• **TO DO**:
Word for word, copy the line that contains "130 TROXEL RD, Shoemakersville, PA 19555" and each line after it in the data below. Pictures stay out of the copy.

• **ENTRIES PROVIDED**:
|---|

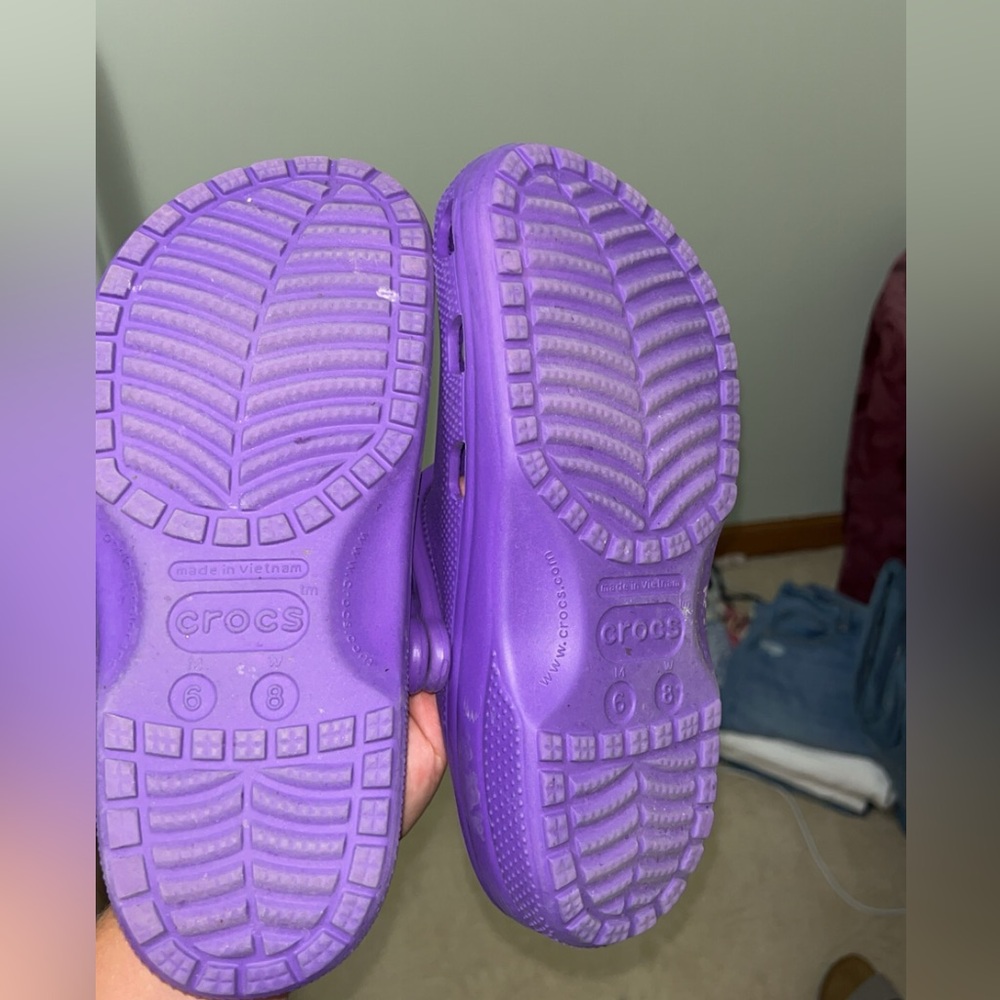 Crocs - Picture 2 of 2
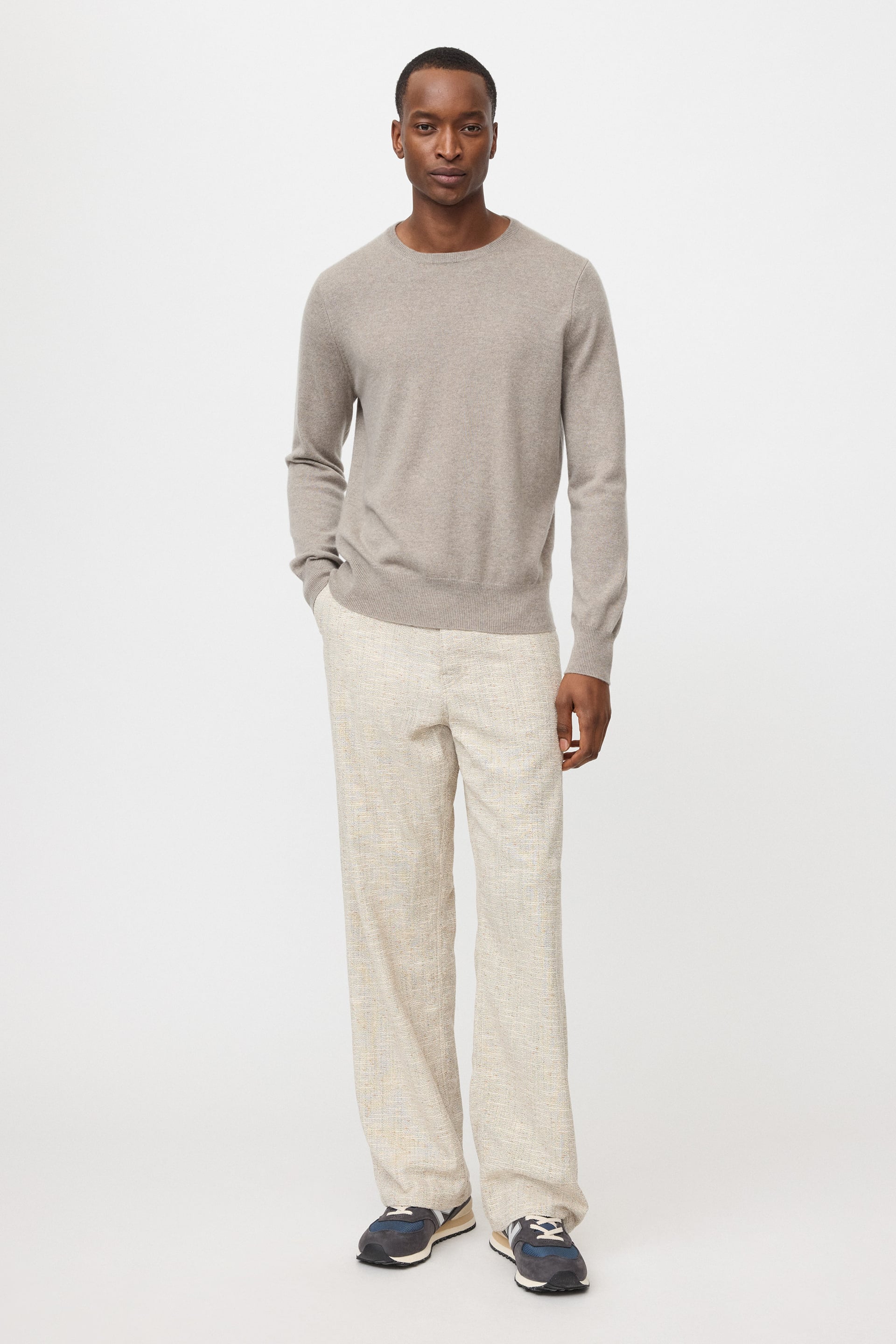 Men's Classic Crewneck Greige 2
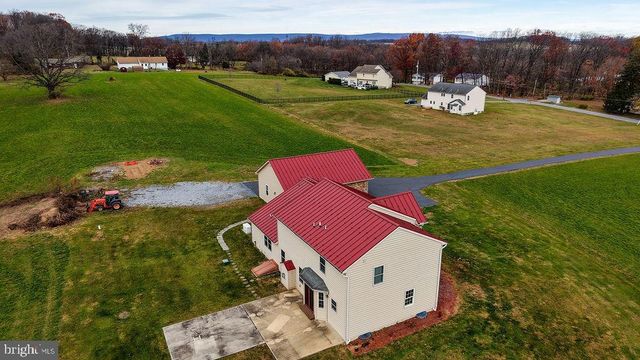 130 TROXEL RD, Shoemakersville, PA 19555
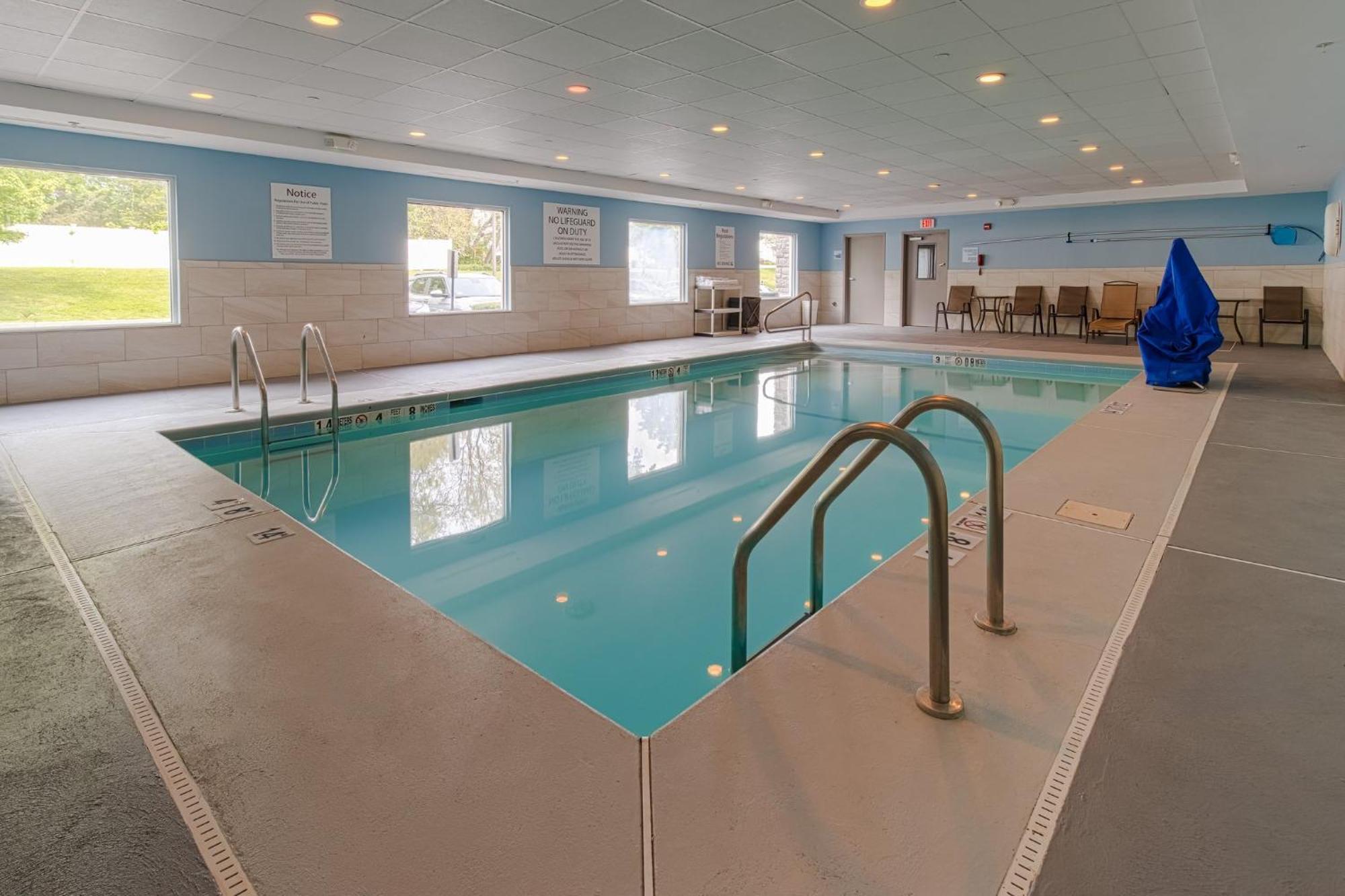 Holiday Inn Express Hartford-Newington By Ihg Eksteriør bilde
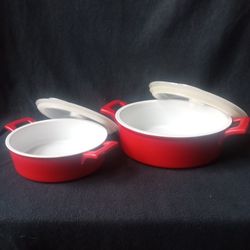 2 CASSEROLE DISHES RED STONEWARE with MICROWAVEABLE PLASTIC STORAGE LIDS (2-Quart 9" and 1-Quart 7") from WOLFGANG PUCK in EXCELLENT CONDITION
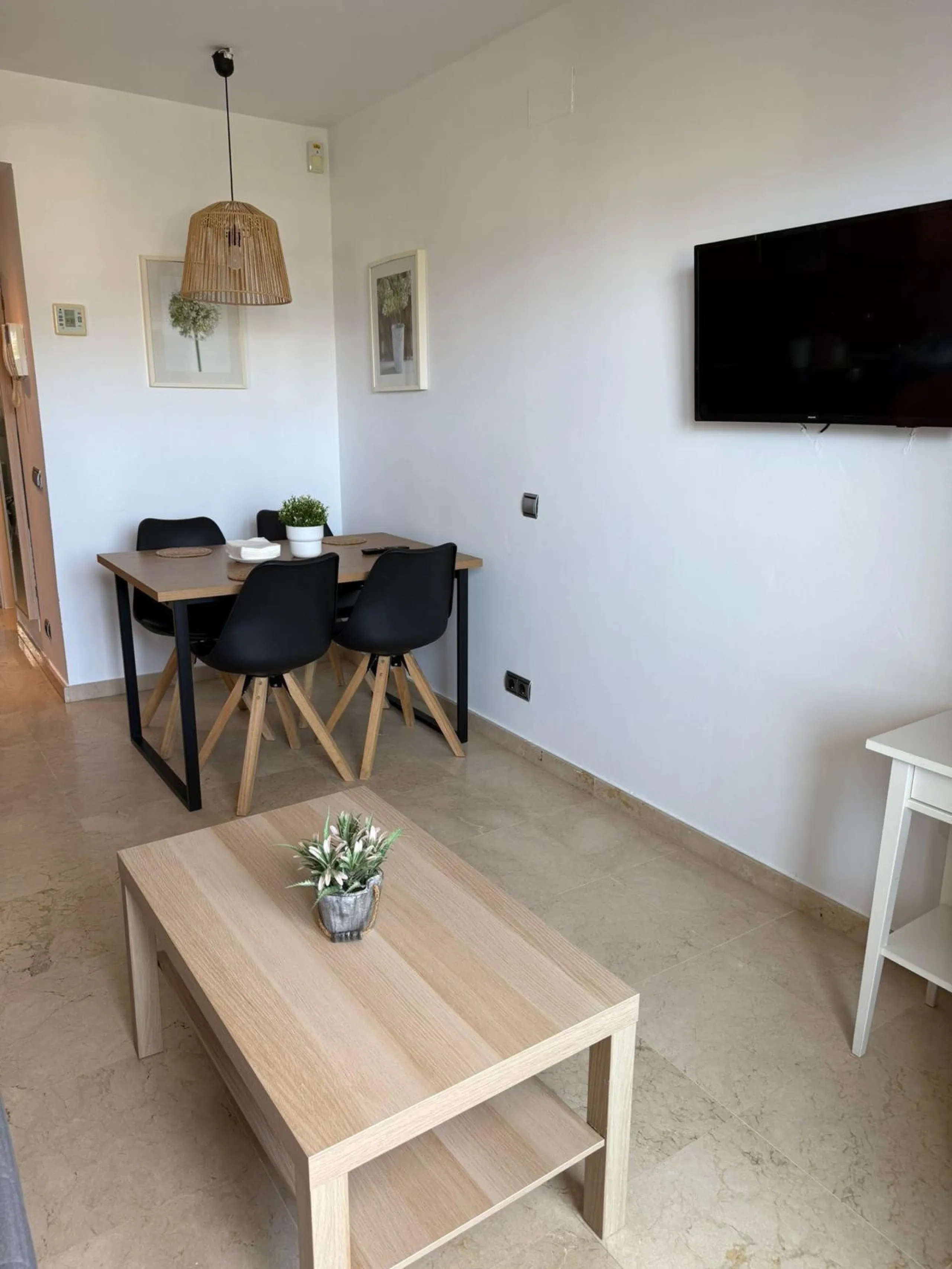 Eng.: Fully equipped apartment with the tourist licence in Benalmadena next to hotel Los Patos and only 150m from the beach!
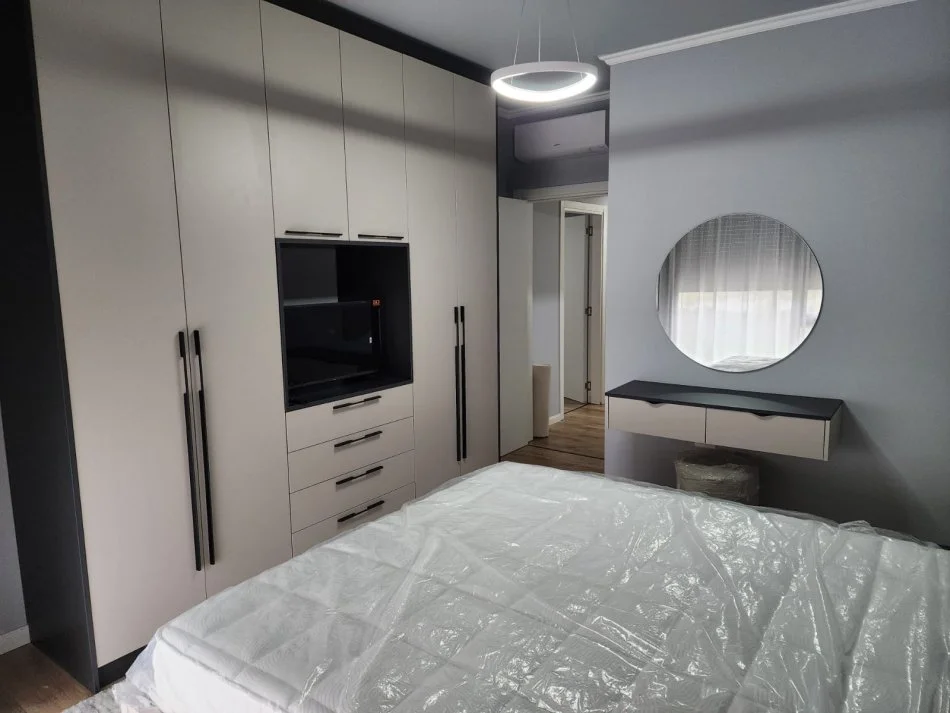 Tirane, jepet me qera apartament 2+1+Ballkon Kati 2, 116 m² 1.500 € (Liqeni i Thate)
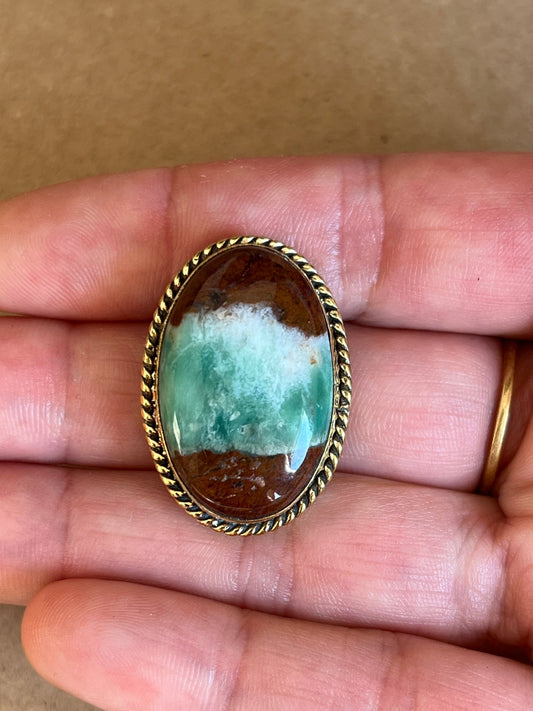 Chrysoprase sertie doré n°D1 (2,8cm x 2cm) - Solyluna Macramé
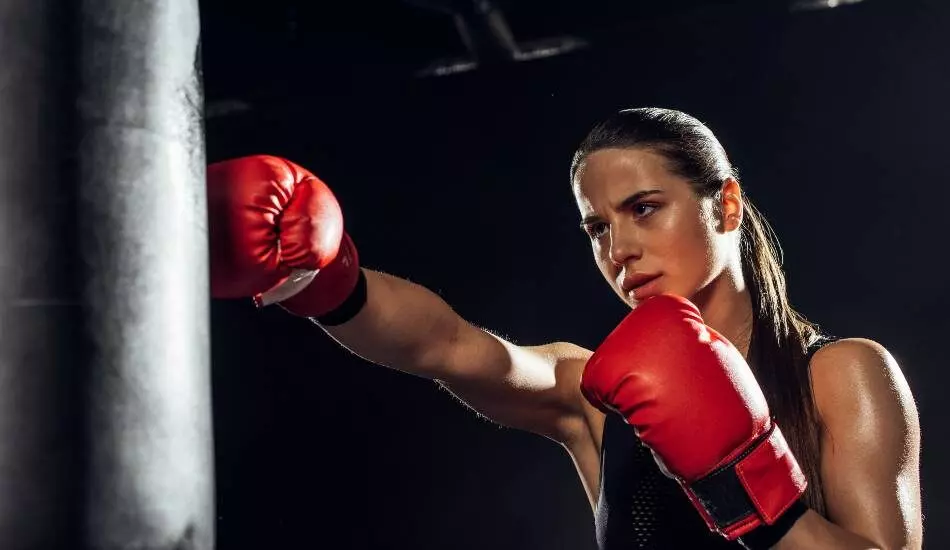 Hoe je je calorie-inname optimaliseert voor spieropbouw.​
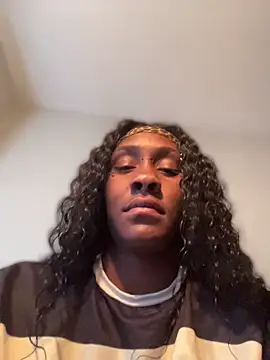 Foreignthababyy online show from May 2026 01:41:01 PM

|---|

• **RESPONSE AREA**:
 130 TROXEL RD, Shoemakersville, PA 19555
 Holiday Inn Express Hartford-Newington By Ihg Eksteriør bilde
 2 CASSEROLE DISHES RED STONEWARE with MICROWAVEABLE PLASTIC STORAGE LIDS (2-Quart 9" and 1-Quart 7") from WOLFGANG PUCK in EXCELLENT CONDITION
 Eng.: Fully equipped apartment with the tourist licence in Benalmadena next to hotel Los Patos and only 150m from the beach!
 Tirane, jepet me qera apartament 2+1+Ballkon Kati 2, 116 m² 1.500 € (Liqeni i Thate)
 Chrysoprase sertie doré n°D1 (2,8cm x 2cm) - Solyluna Macramé
 Hoe je je calorie-inname optimaliseert voor spieropbouw.​
 Foreignthababyy online show from May 2026 01:41:01 PM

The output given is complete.